In so many microbial ecology papers, authors fit their models on the entirety of their data and proceed to draw conclusions. This is a flawed practice as the conclusions drawn can only reasonably be held true on the stretch of data the models were fitted to, i.e. there is no testing of the models to confirm they are generalizable to similar additional data.

In the context of our paper, we aim at using the smallest possible number of bacterial taxa yielding an accurate classification of river ecological status at sampling sites. We could not just fit our models on all the data and point to the bacterial taxa showing the strongest correlations with ecological status; we had to prove the identified correlations hold true for data points not used for training the model. We also raised the challenge one step further: make accurate predictions of what happens at sites downstream of the input data used to make predictions. In essence, we require of our models that they pick up on community assembly processes over time and space in order to accurately predict future outcomes.

Figure 1 Modeling approaches for a river system: prevalence/variance vs spatio-temporal. a-b) Sites are treated as independent for the prevalence/variance approach; dependence between sites is taken into account for the spatio-temporal analysis. c) The prevalence/variance method looks at variations in microbial community composition along gradients. The various curves represent different taxa shifting in abundance along a gradient. d) The spatio-temporal method uses bacterial taxa abundances in various transformations taking into account the spatio-temporal dependency between sites in order to predict downstream ecological outcomes. Pictogram transparency represents distance and time gradients across sampling sites.
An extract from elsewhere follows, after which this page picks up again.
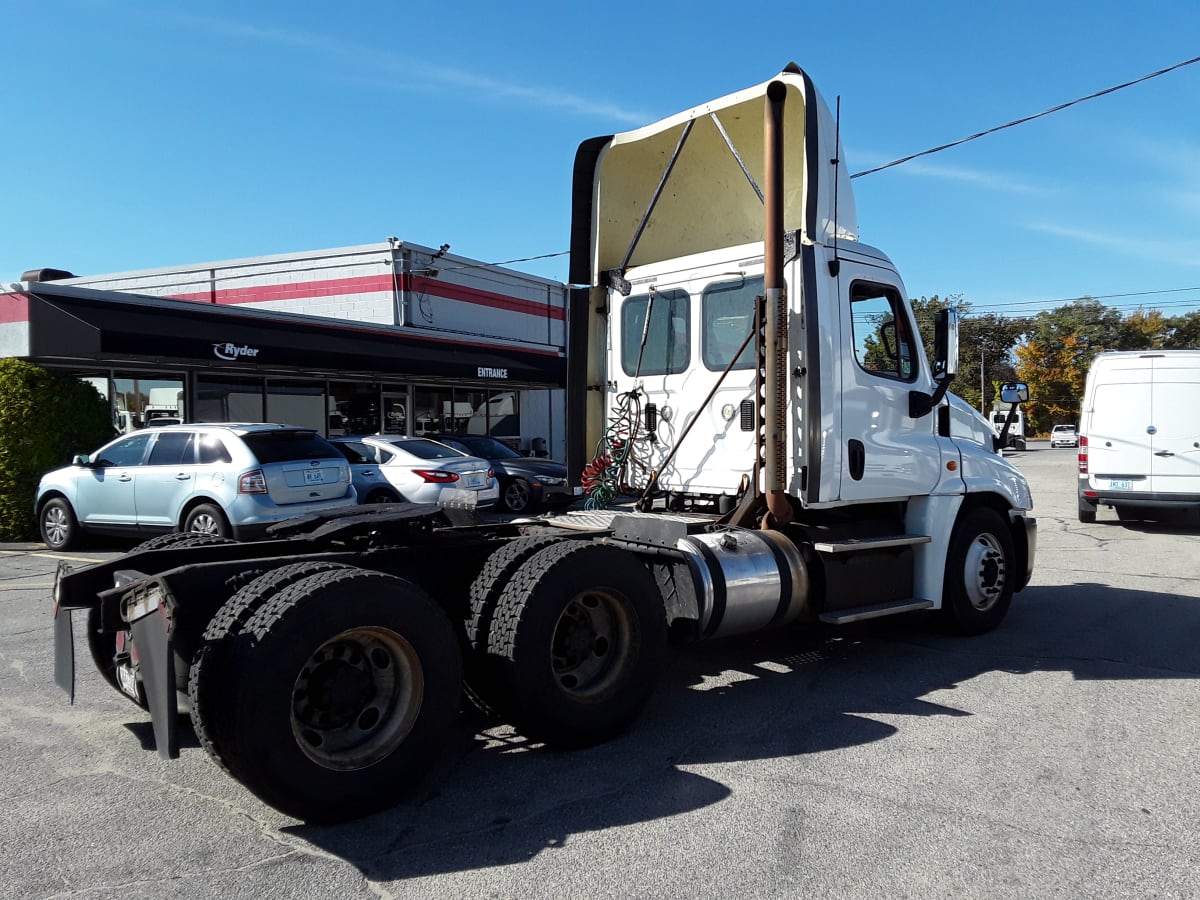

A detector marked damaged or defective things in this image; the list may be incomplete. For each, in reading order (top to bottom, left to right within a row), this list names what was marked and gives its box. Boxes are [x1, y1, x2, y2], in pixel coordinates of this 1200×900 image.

cracked asphalt [0, 448, 1195, 897]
How should we select which bacterial taxa to include in our models? What happens if one combination of species works as well as another and how often does this happen? Is there a gradient of usefulness across bacterial taxa in terms of model predictive power? These questions all point to information content. There is a certain amount of information required for predictive models to yield accurate predictions. Our objective thus turned to extracting this informational keystone from data. To achieve this, we chose to use model resampling. The idea is to build models one bacterial taxa at a time, adding them to the model if they yield improved accuracy. This screening process was repeated with randomly ordered bacterial taxa. The randomization allowed for each taxa to have a chance to be added to a model if they contain useful information. Once this screening process had been run a great many times, we summed the number of times each taxa showed up in a model and which taxa never showed up together. These two elements gave an estimate of how much information each taxa contains as well as which taxa contain redundant information. In this latter case, taxa are not added to the same models during the iterative process. In the end, we visualized these information contents in the form of co-occurrence and co-exclusion networks.

Figure 2 Network analysis results for the most frequent taxa returned by the spatio-temporal approach yielding perfectly accurate ecological status classification. Nodes represent individual taxa. Colors represent the respective bacterial classes to which taxa belong. Co-occurrence network; node diameter represents the number of occurrences of each taxon in the best models, while the thickness of the connecting lines represents the number of co-occurrences of taxa pairs. Co-exclusion network; links represent taxa that never occurred together in the same model. Adapted from Figure 4 in the article.

What would an ideal bioindicator look like? A good bacterial predictor ought to be present along the widest possible stretch of an environmental gradient and display sufficient variation to link its abundance to specific ecological outcomes. The importance of a broad distribution together with wide variations in abundance rests with the objective of needing as few as possible bioindicators to yield a complete picture. Specialist taxa could be very informative about relevant processes but the possibility of competitive exclusion means more than one may have to be included in a model to account for a given ecological process. In summary, good bioindicators would occupy a wide multidimensional niche space that does not overlap with other taxa.

Figure 3 Hypothetical functional signals and niche dynamics across an environmental gradient. Functional diversity is represented as Clusters of Orthologous Genes (COG). Bell-shaped curves represent niche space for each species along a given environmental gradient.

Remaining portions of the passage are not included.